• Histologic confirmation of ACC (primary or metastatic tumor). Central review not required but local pathology review required (at Johns Hopkins or Stanford).

• Patients must have recurrent or metastatic ACC with measurable disease per RECIST 1.1, not amenable to definitive surgery or radiotherapy.

• Patients must have at least 1 lesion positive on PSMA-PET, as defined by standard uptake value (SUV) ratio of tumor to liver greater than one.

• Patient can have any or no prior systemic therapies.

• At least 28 days must have elapsed between last anti-cancer treatment administration and the initiation of study treatment, or at least 5 half-lives of the prior systemic therapy must have elapsed (whichever is shorter).

• Patient must have resolution of all previous treatment related toxicities to CTCAE version 5.0 grade of ≤ 2.

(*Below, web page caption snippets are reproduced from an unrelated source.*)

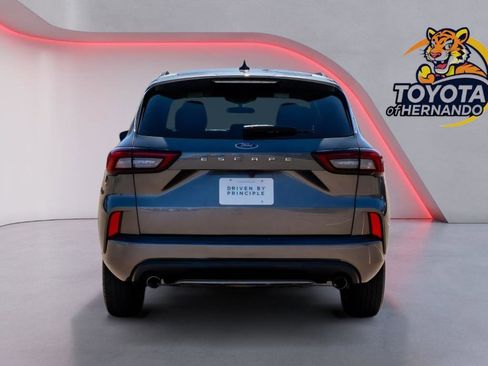 Used 2024 Ford Escape ST-Line image 6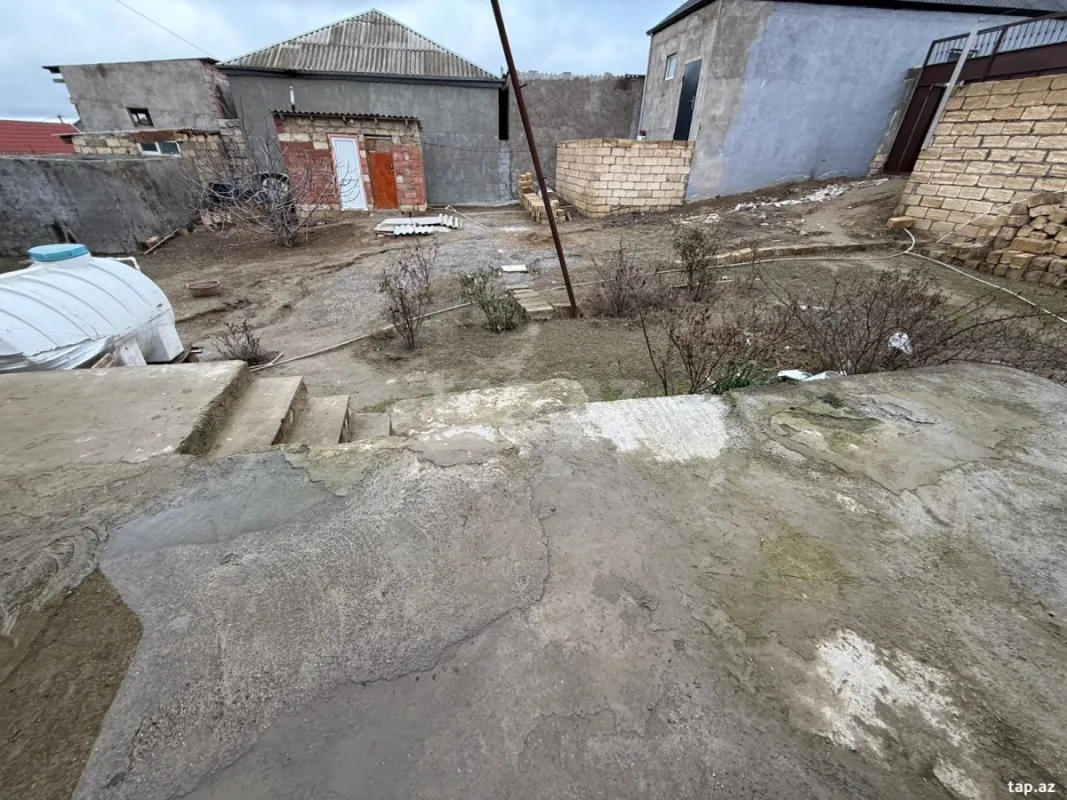 Satılır 3 otaqlı həyət evi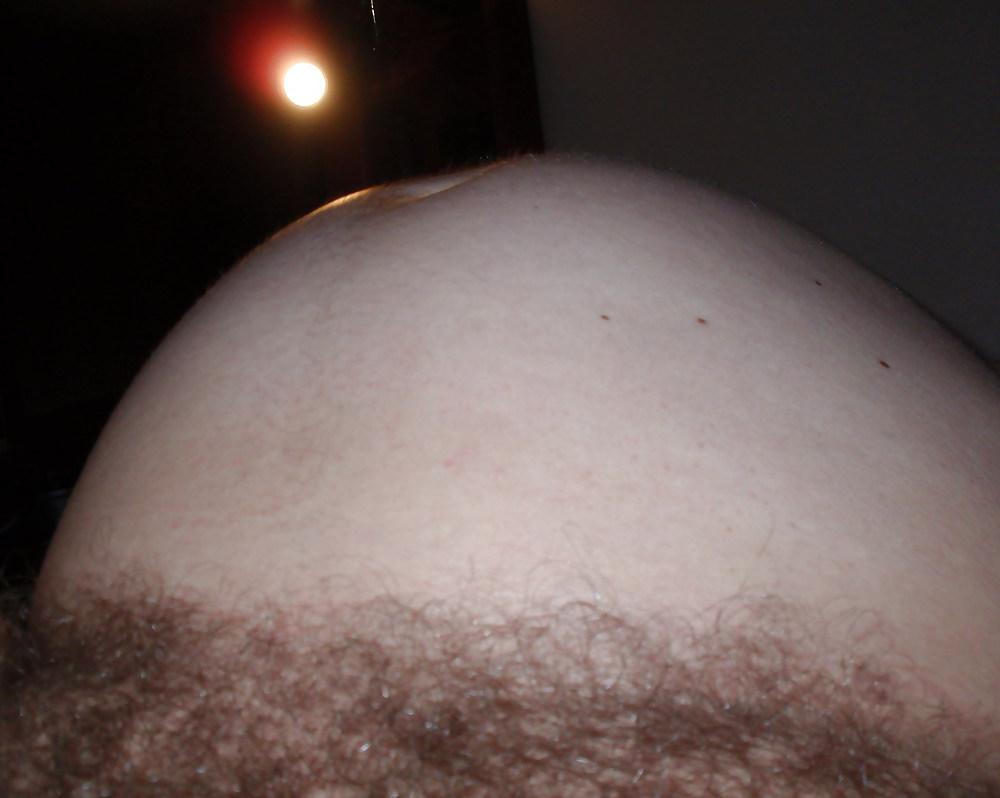 23P Me 8 months pregnant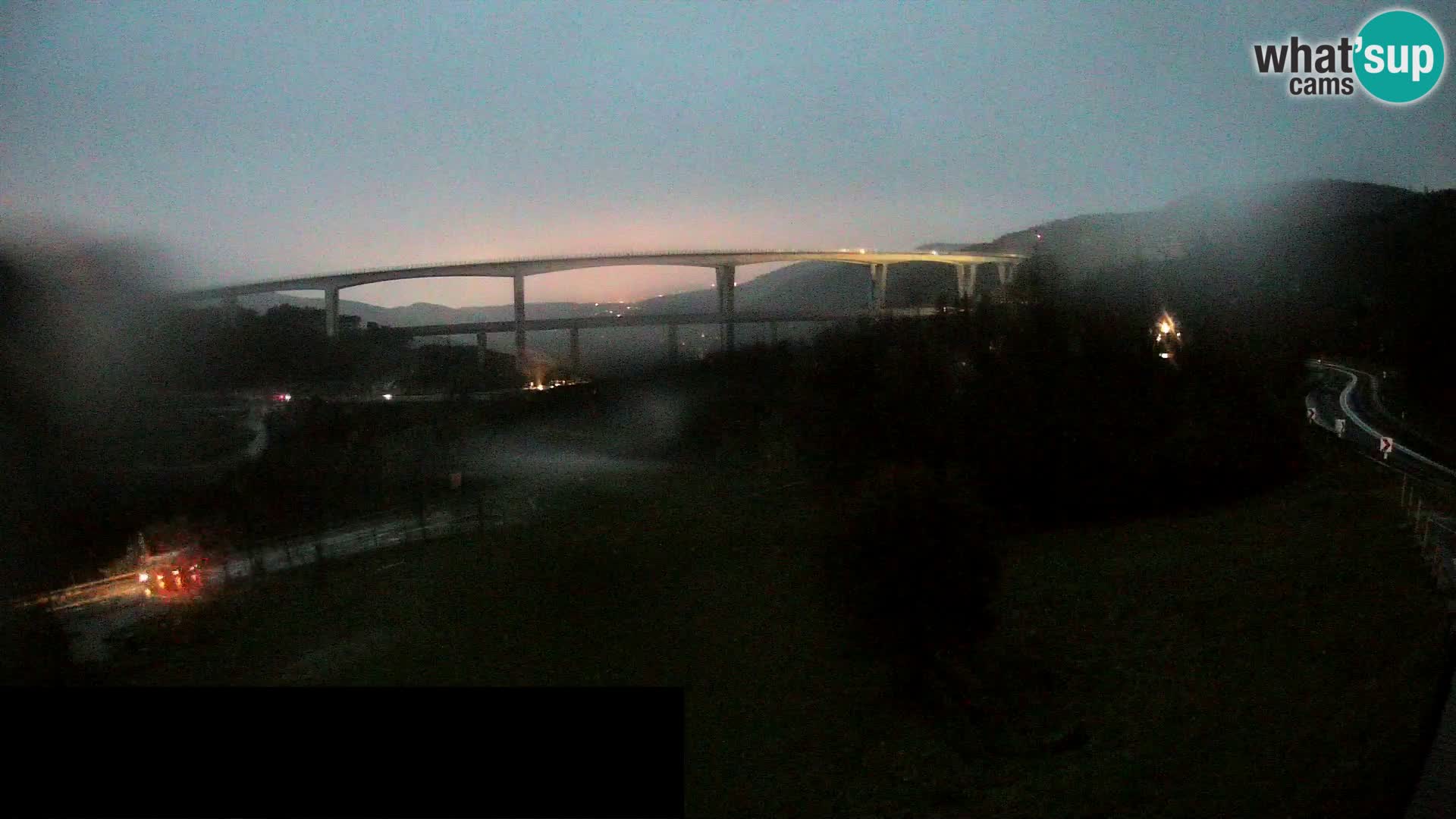 Live cam Črni Kal Viaduc – Viki Burger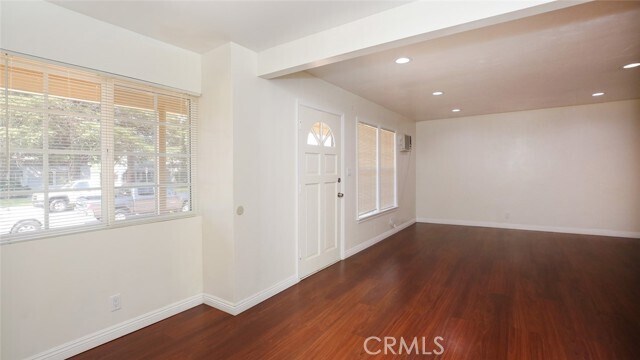 Building Photo - 410 N Glenwood Pl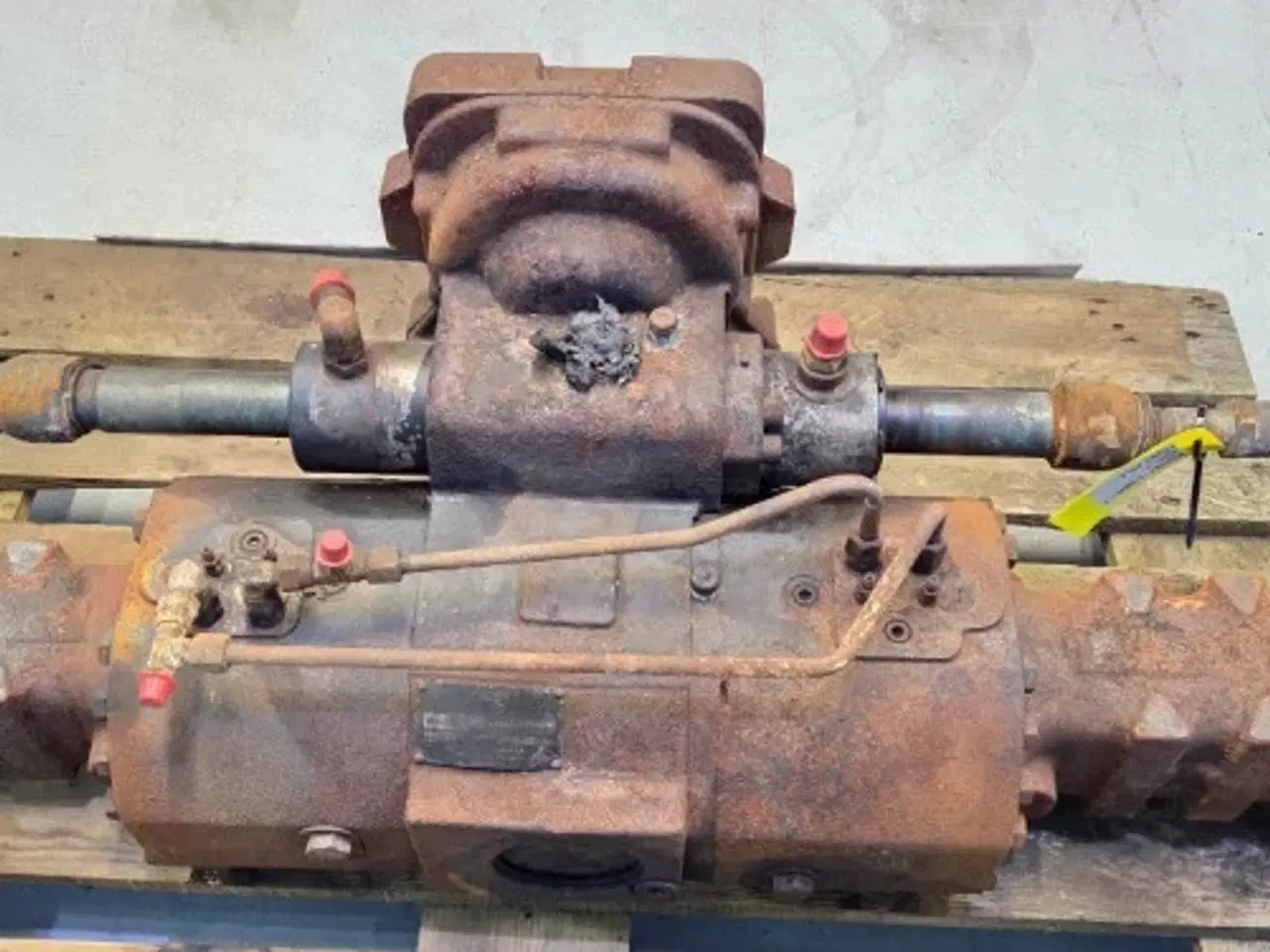Billede 18 - Bobcat T2556 Foraksel 78201.1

• Patient must be ≥ 18 years of age.

• Patient must have an Eastern Cooperative Oncology Group (ECOG) performance status ≤ 2.

⁃ For female patients with childbearing potential or male patients with partners of childbearing potential, agreement to use barrier contraceptive method (condom) and to continue its use for 6 months from receiving the last dose of 177Lu-PSMA. Female patients with childbearing potential will undergo a urine pregnancy test. Pregnant female participants are excluded.

• Patient must have the ability to understand and the willingness to sign a written informed consent document.